AMSTERDAM (Reuters) -The European Union will try to set up a specialised court, backed by the United Nations, to investigate and prosecute possible war crimes committed by Russia in Ukraine, European Commision President Ursula von der Leyen said on Wednesday.
"We are ready to start working with the international community to get the broadest international support possible for this specialised court," von der Leyen said.
Ukraine has been pushing for the creation of a special tribunal to prosecute Russian military and political leaders it holds responsible for starting the war.
The Hague-based International Criminal Court (ICC) launched its own investigation into alleged crimes against humanity and war crimes days after Moscow's Feb. 24 invasion, but it does not have jurisdiction to prosecute aggression in Ukraine.
"While continuing to support the International Criminal Court, we are proposing to set up a specialised court, backed by the United Nations, to investigate and prosecute Russia's crime of aggression," von der Leyen said.
According to EU officials, the support of the United Nations for the specialised court is "essential" to help resolve the issue of immunity from prosecution for high state functionaries such as a head of state.

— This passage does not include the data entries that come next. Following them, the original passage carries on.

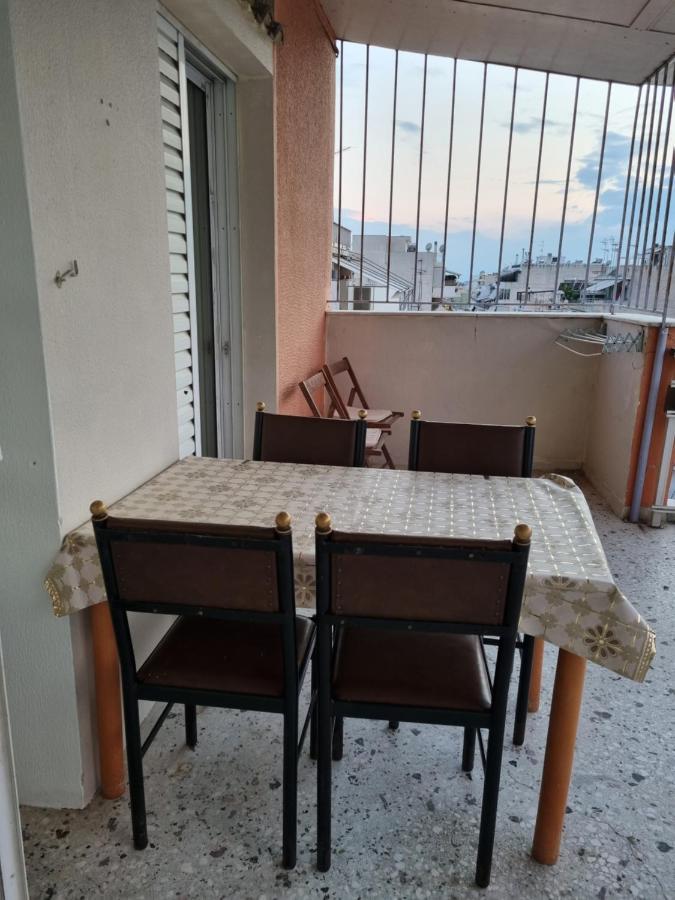 Hôtel Nana à Athènes Extérieur photo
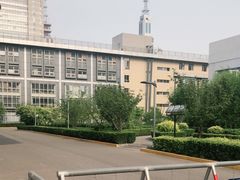 -北京西城广安体育馆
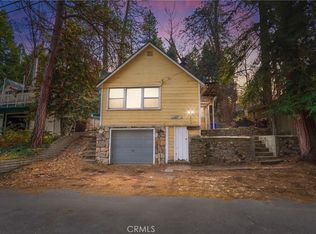 22825 Laurel Ln, Crestline, CA 92325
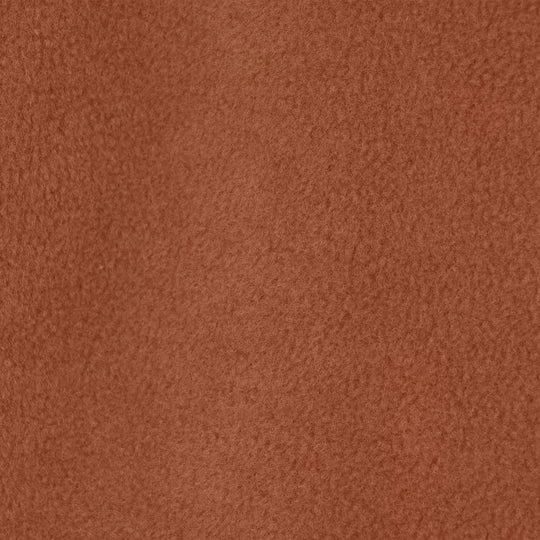 MEN'S FLEECE COLLARLESS JACKET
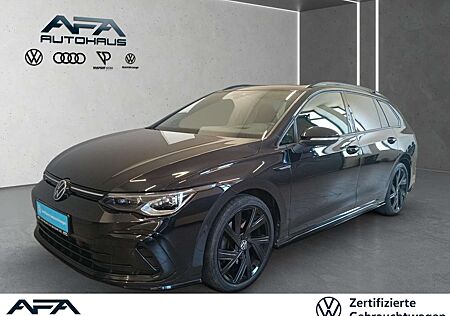 VW Golf Volkswagen VIII Var. 2.0 TSI R-Line DSG Pano*Matrix*AHK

While customary international law awards so-called functional immunity to top state officials for many alleged wrongdoings there is a consensus that this immunity cannot apply to prosecutions before international courts.

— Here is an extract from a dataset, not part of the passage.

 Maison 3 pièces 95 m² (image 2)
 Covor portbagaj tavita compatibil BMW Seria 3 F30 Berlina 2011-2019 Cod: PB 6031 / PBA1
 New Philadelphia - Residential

Legal experts supporting the special tribunal point out that the crime of aggression is a leadership crime and would only target top state officials.
EU officials said this issue "is precisely the reason why it is so essential to have international backing and to have the involvement of the UN in order to be able to overcome the principle of immunity”.
Russia, which calls its actions in Ukraine a "special military operation", has denied targeting civilians and other war crimes.
The G7 agreed on Tuesday to set up a network to coordinate investigations into war crimes as part of a push to prosecute suspected atrocities in Ukraine.
An act of aggression is defined by the United Nations as the "invasion or attack by the armed forces of a state of the territory of another state, or any military occupation ..."
Despite the crime's recognition under international law there is currently no specific court or tribunal to which Ukraine can turn.
There are several forms the special tribunal could take but legal experts say the most likely is a so-called hybrid tribunal, operating under Ukrainian law with support from the international community.
Such courts are typically staffed by international prosecutors and judges or a mix of local and international staff.